▶ **GIVEN DATA**
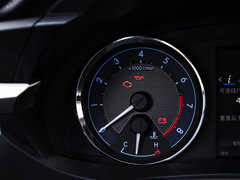 雷凌 2014款 1.8GS CVT 精英版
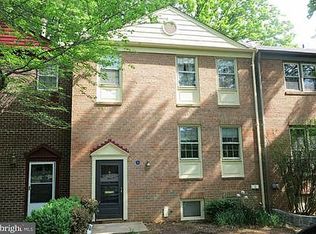 11771 N Shore Dr, Reston, VA 20190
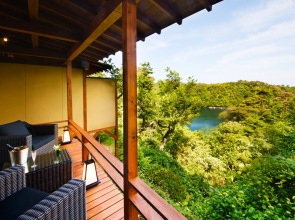 Hyakurakusou Ryokan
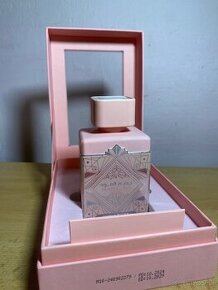 Lattafa Badee Al Oud Noble Blush (Rose)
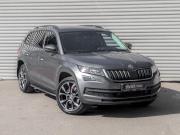 Skoda Kodiaq I Химки  - изображение 32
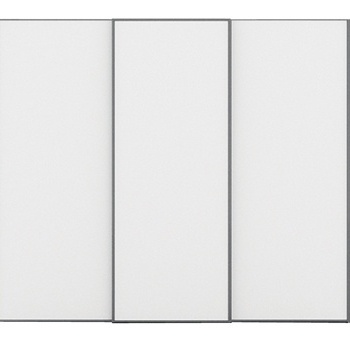 The Wardrobe Cornice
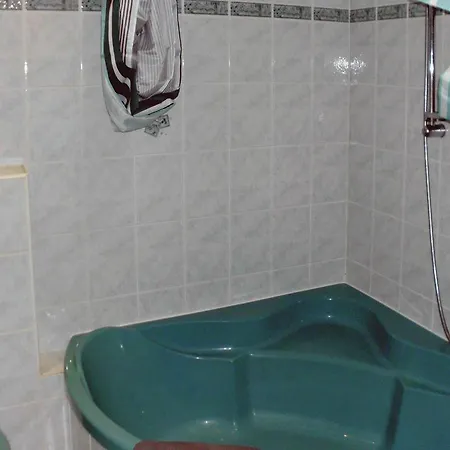 Three-bedroom In * Winterberg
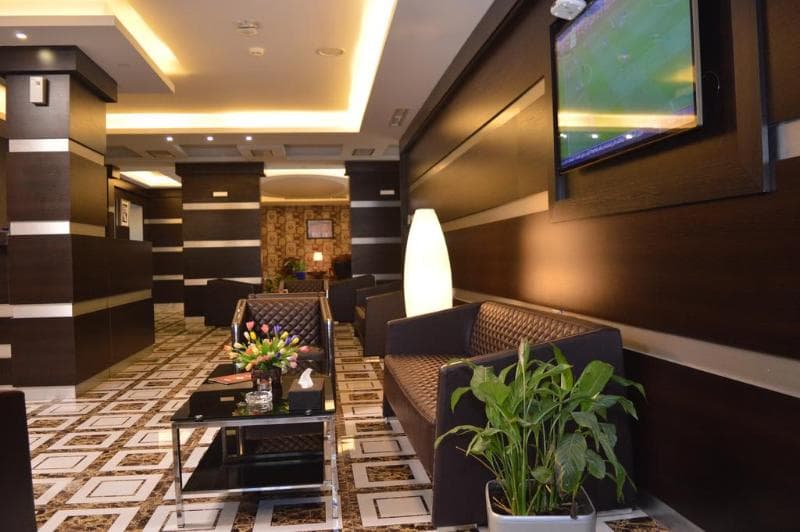 Tilal Al Madina Hotel 4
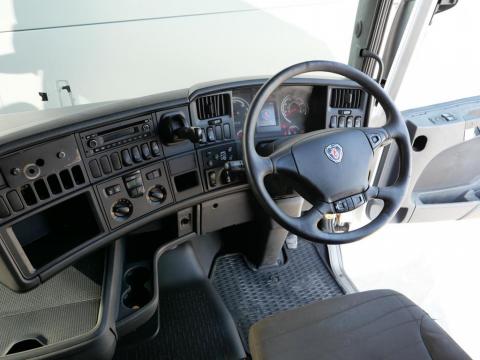 NR Trucks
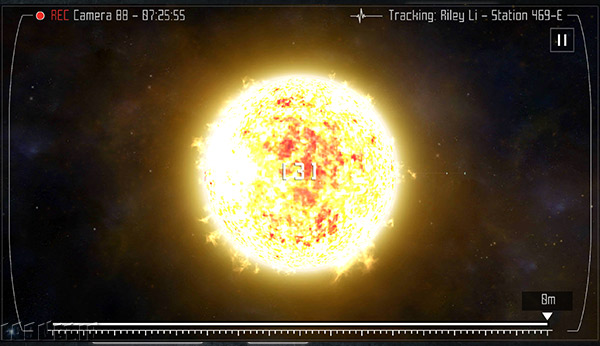 All is Lost؛ همه‌چیز از دست رفته است!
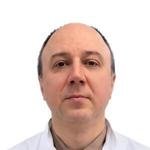 Денис Валерьевич Воронцов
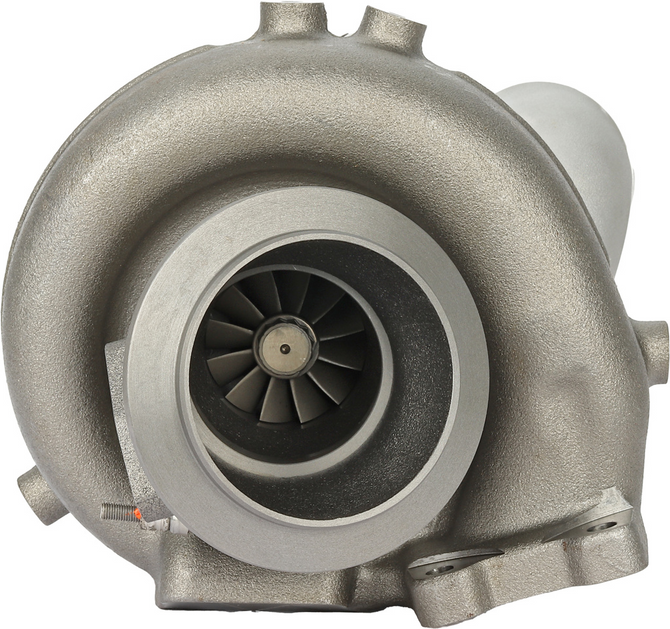Alliant Power - Reman HE300VG Short Turbocharger - 2019-2024 Dodge RAM 6.7L Cummins - AP90049
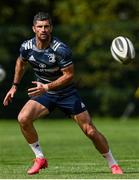 24 August 2020; Rob Kearney during Leinster Rugby squad training at UCD in Dublin. Photo by Ramsey Cardy/Sportsfile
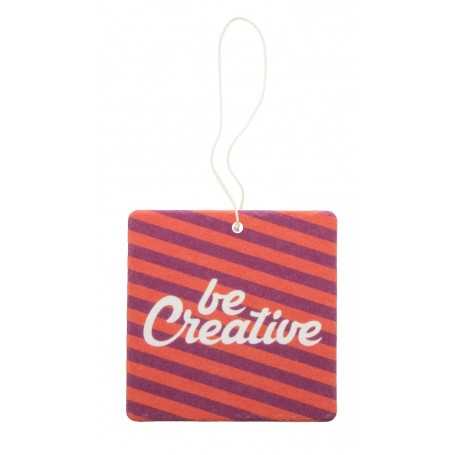 Deodorante auto Multicolore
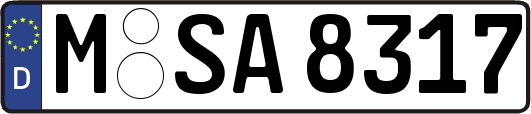 M-SA8317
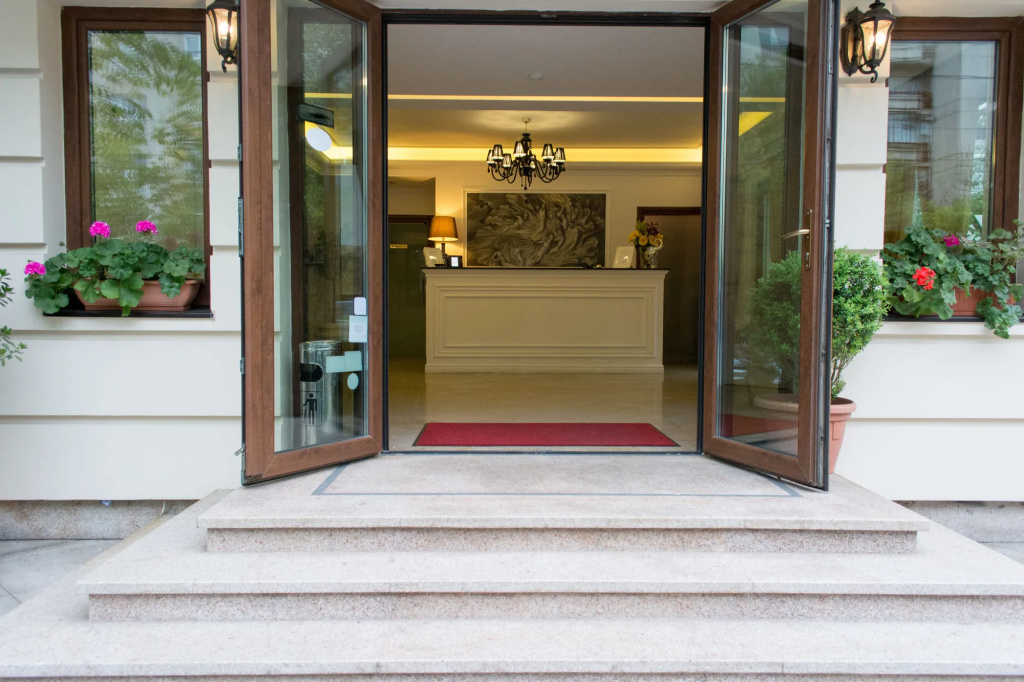 Hotel photo 19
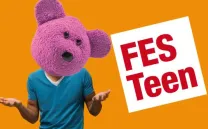 FESTeen 2014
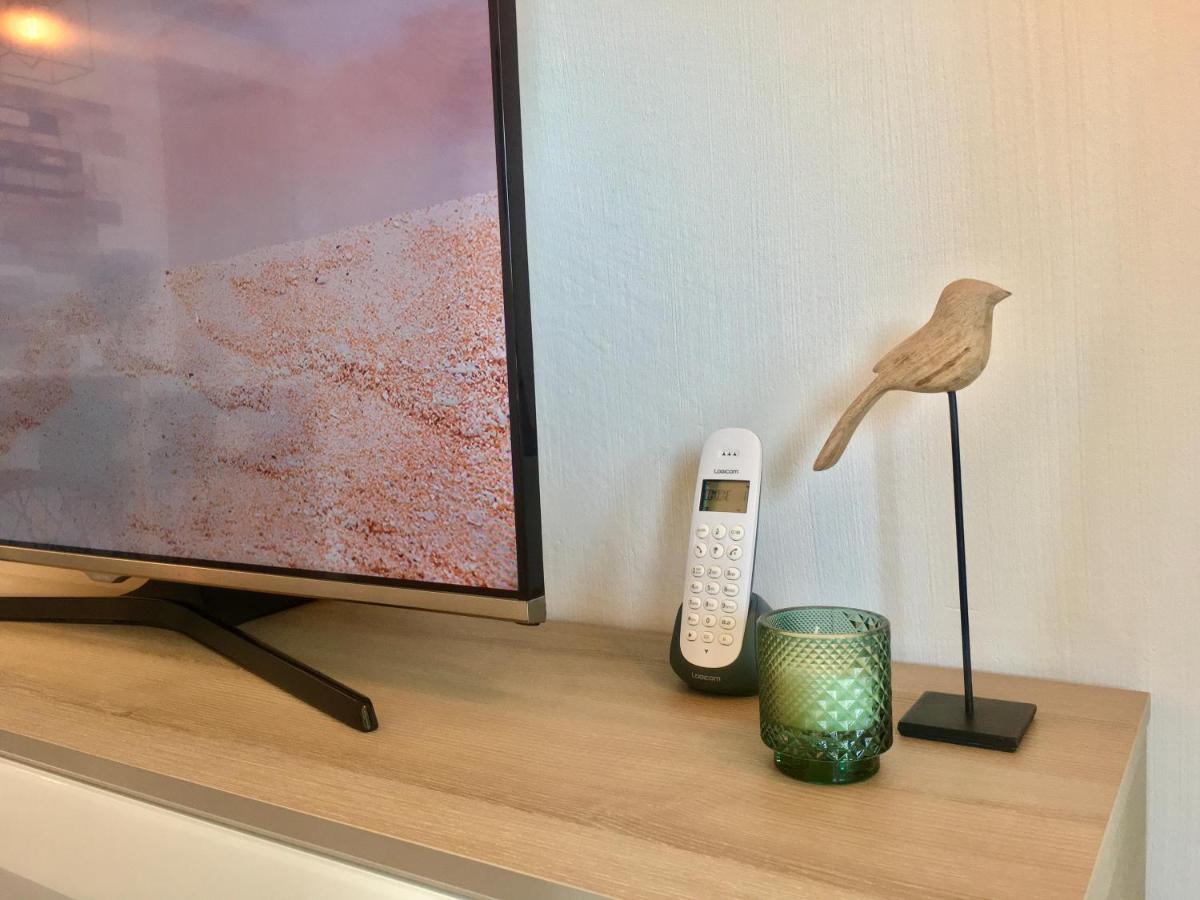 Myhome Riviera - Cannes Sea View Apartment Rentals 外观 照片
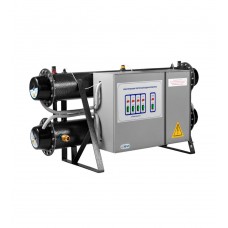 Электроводонагреватель проточный ЭВАН ЭПВН-108(Б) 2х30+2х24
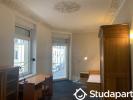 Location Appartement Nancy  13 m2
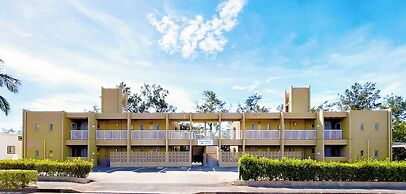 SCALLOP BEACH CONDMINIUM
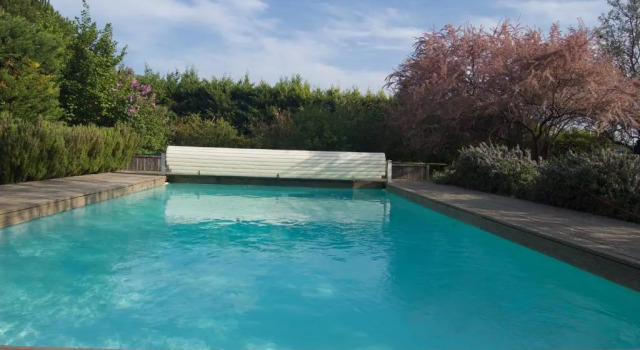 Mas de la Lézardière — Maison d'Artiste, Reserva ahora Hotel Hoteles en Manosque con piscina, Piscina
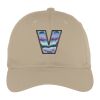 Fine Twill Cap Thumbnail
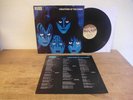 Kiss – Creatures Of The Night Lp 1982 mint- Hard Rock, Heavy Metal Top Rare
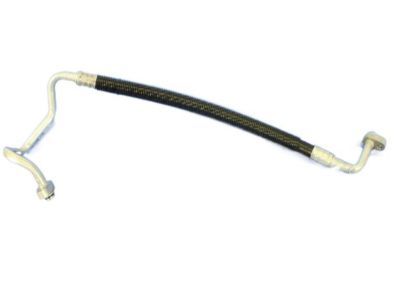Mopar 55057009AB Line A/C Suction & Discharge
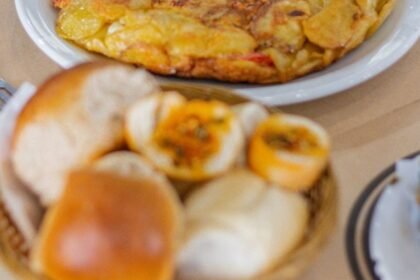 Bodegones en Buenos Aires: tapas y buenos precios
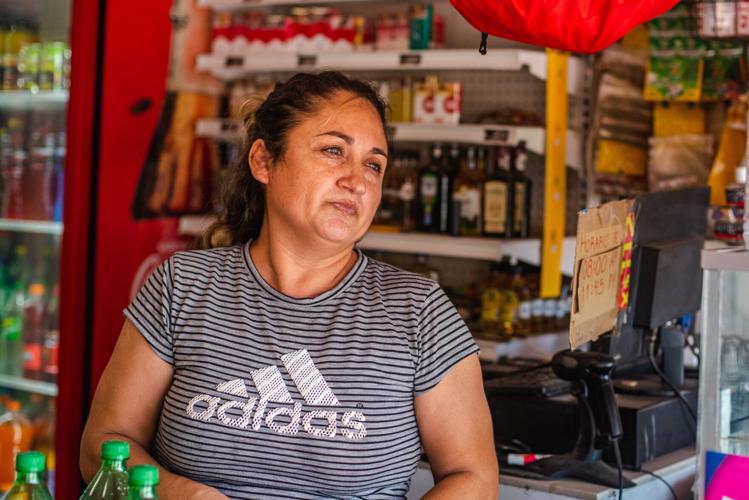 San Carlos, Guaymas, sewage, 2021 (le 9)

▶ **EXERCISE DETAILS**
Final task for the records above: print exactly the lines from the one that contains "Three-bedroom In * Winterberg" through the last line, both ends included, pictures excluded.

▶ **RESULT**
 Three-bedroom In * Winterberg
 Tilal Al Madina Hotel 4
 NR Trucks
 All is Lost؛ همه‌چیز از دست رفته است!
 Денис Валерьевич Воронцов
Alliant Power - Reman HE300VG Short Turbocharger - 2019-2024 Dodge RAM 6.7L Cummins - AP90049
 24 August 2020; Rob Kearney during Leinster Rugby squad training at UCD in Dublin. Photo by Ramsey Cardy/Sportsfile
 Deodorante auto Multicolore
 M-SA8317
 Hotel photo 19
 FESTeen 2014
 Myhome Riviera - Cannes Sea View Apartment Rentals 外观 照片
 Электроводонагреватель проточный ЭВАН ЭПВН-108(Б) 2х30+2х24
 Location Appartement Nancy  13 m2
 SCALLOP BEACH CONDMINIUM
 Mas de la Lézardière — Maison d'Artiste, Reserva ahora Hotel Hoteles en Manosque con piscina, Piscina
 Fine Twill Cap Thumbnail
 Kiss – Creatures Of The Night Lp 1982 mint- Hard Rock, Heavy Metal Top Rare
Mopar 55057009AB Line A/C Suction & Discharge
 Bodegones en Buenos Aires: tapas y buenos precios
 San Carlos, Guaymas, sewage, 2021 (le 9)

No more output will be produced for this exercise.